What is being asked: Copy all lines below exactly as written. Leave pictures out.

Source data:
++++++++++++++++++++

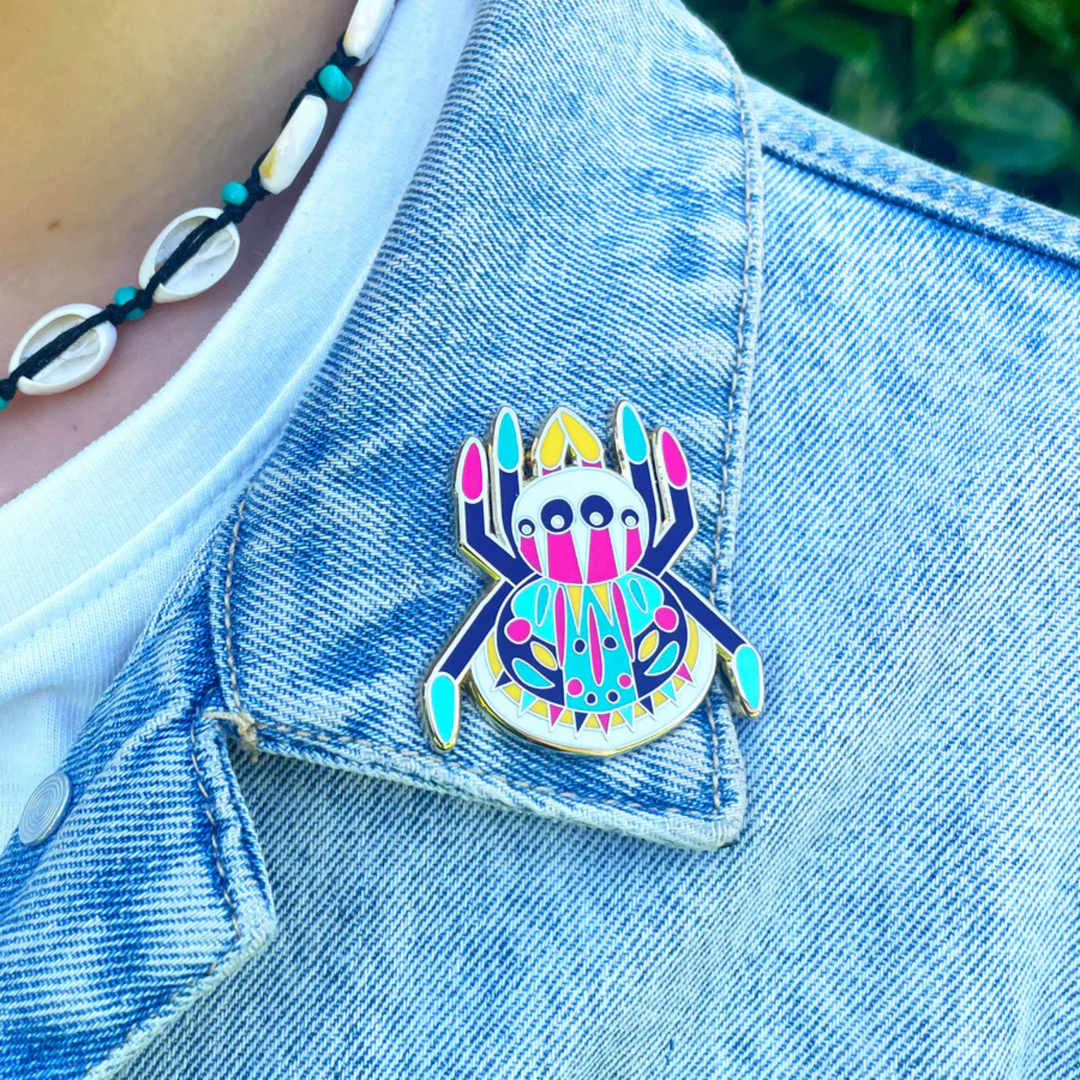 Colorful spider-shaped pin on a denim jacket.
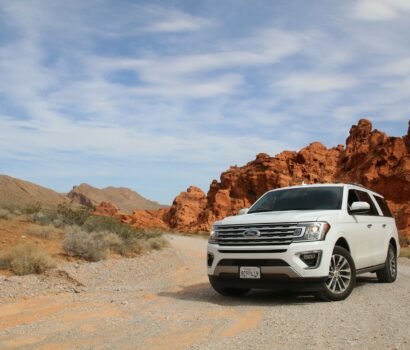 parked white Ford Explorer SUV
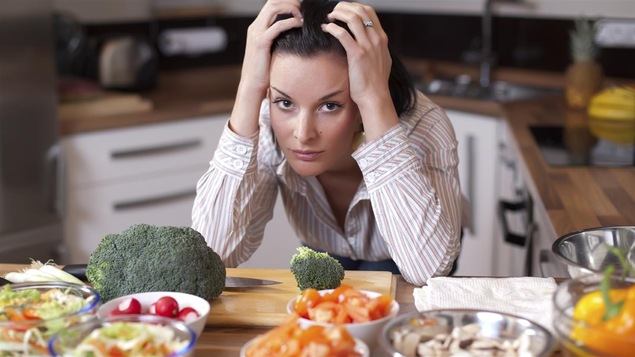 Une femme n'arrive pas à choisir entre des assiettes de légumes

++++++++++++++++++++

Expected output:
 Colorful spider-shaped pin on a denim jacket.
 parked white Ford Explorer SUV
 Une femme n'arrive pas à choisir entre des assiettes de légumes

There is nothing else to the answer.